Combat is a weird mix of hacking and air-dodging with a parry that requires such millimetre-tight precision that I decided early on to just live without it. The heavy metal soundtrack, part of the selling point, oddly, works in conjunction with a weirdly hyperactive camera to kind of zoom in and out more or less in time with your attacks to create a feeling of nausea, present for reasons best known to the developer.

There’s a sense that Red Dev have come at this from the right angle but with the wrong tools, trying to carve something elegant from a lump of rough granite with a pneumatic drill and a claw hammer.
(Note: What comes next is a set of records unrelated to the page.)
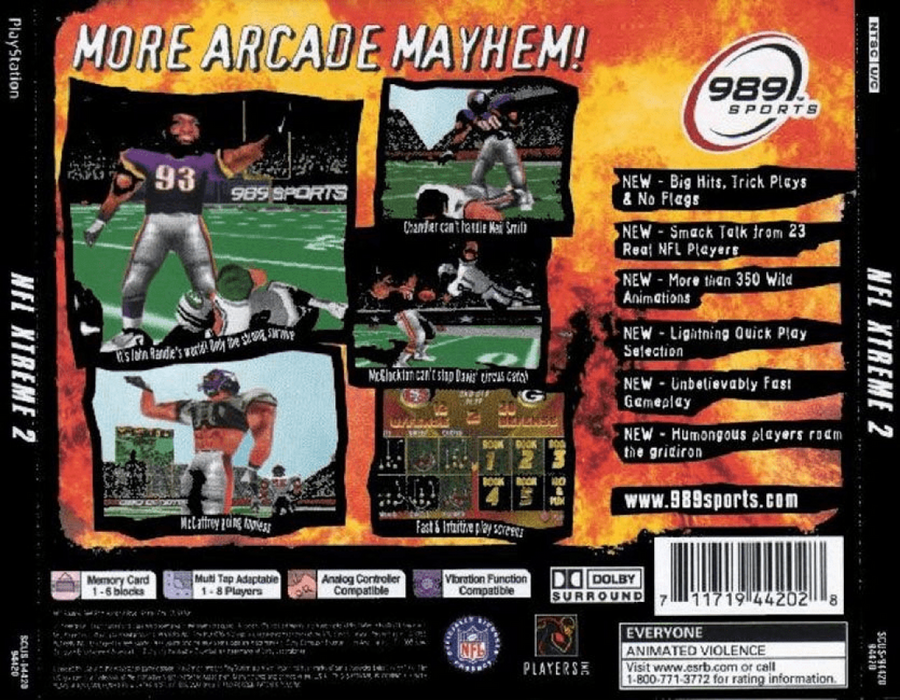 NFL Xtreme 2 – PlayStation 1 (PS1) - for just $5.99! 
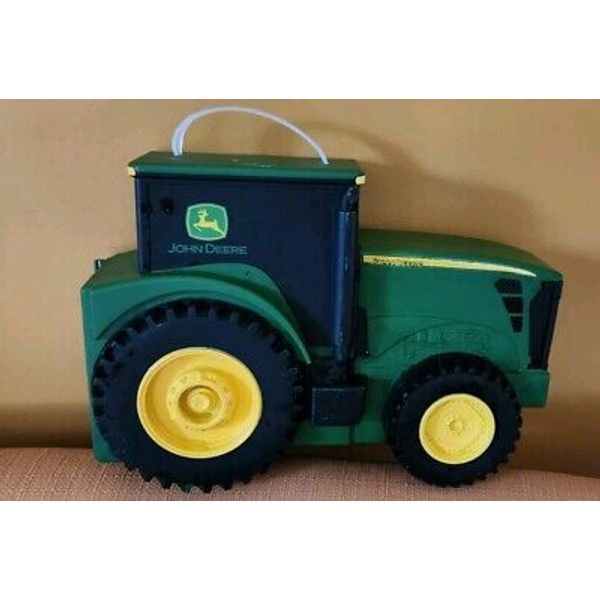 John Deere Green Tractor Farm Vehicle Die Cast Carry Case Toy Ertl 13" Storage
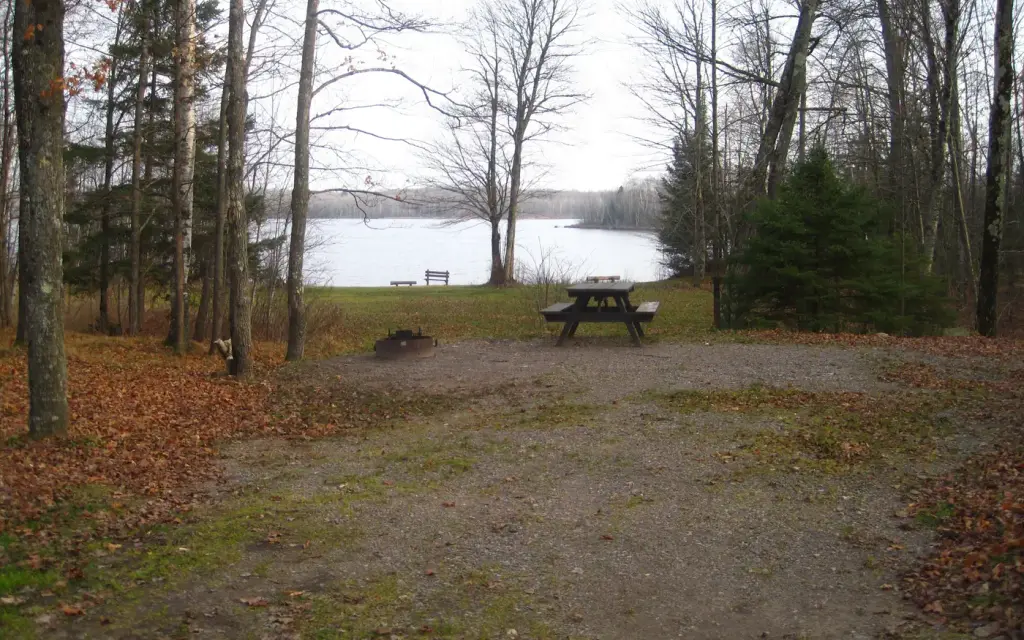 Sailor Lake, a Forest Service campground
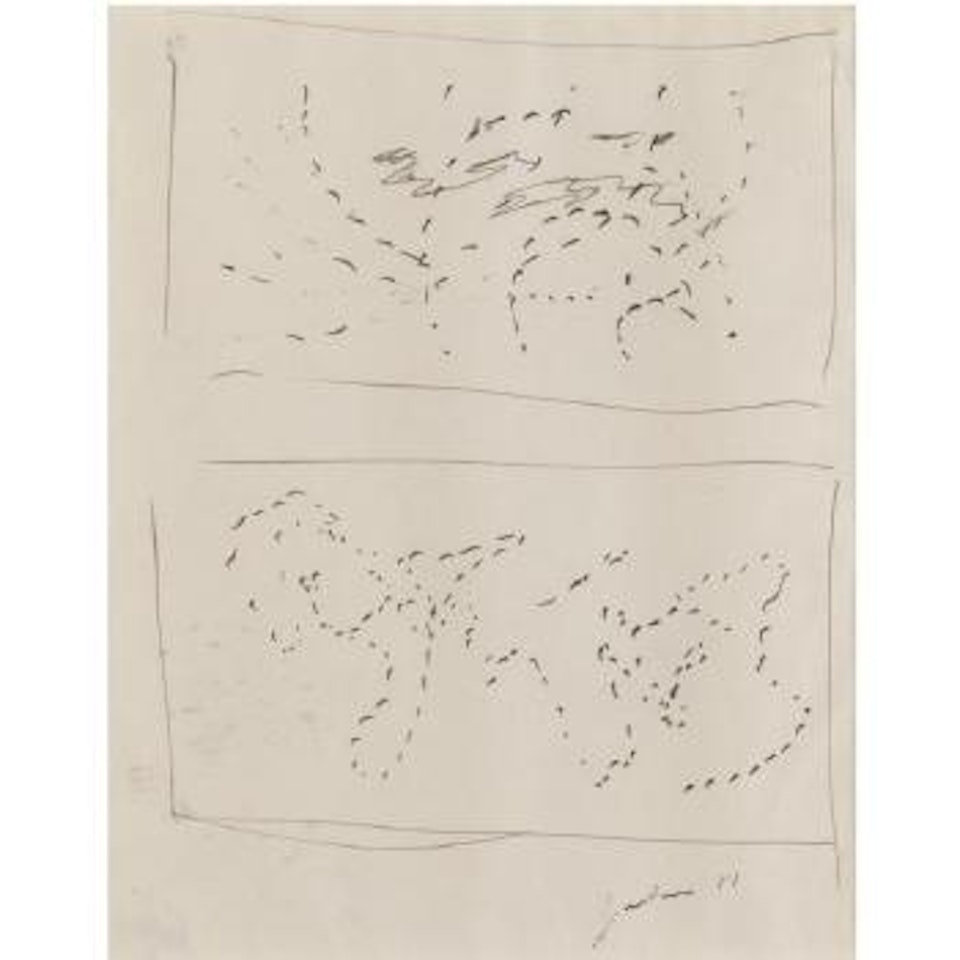 Due Studi by Lucio Fontana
The result is a game that gets almost nothing right, including a progression system I didn’t know existed until I was halfway through and voice work that makes Barry Burton sound like Tom Hanks.

At the end of each slog of enemies there’s a boss battle, and Down to Hell squeezes a surprising number of them into its runtime. Unfortunately, though, they’re just not very imaginative, requiring you to do little more than hit them and dodge through their attacks until they’re dead. With no inventive encounters, build variety, or arsenal of moves for your knight, you’re left tackling them all in the same way.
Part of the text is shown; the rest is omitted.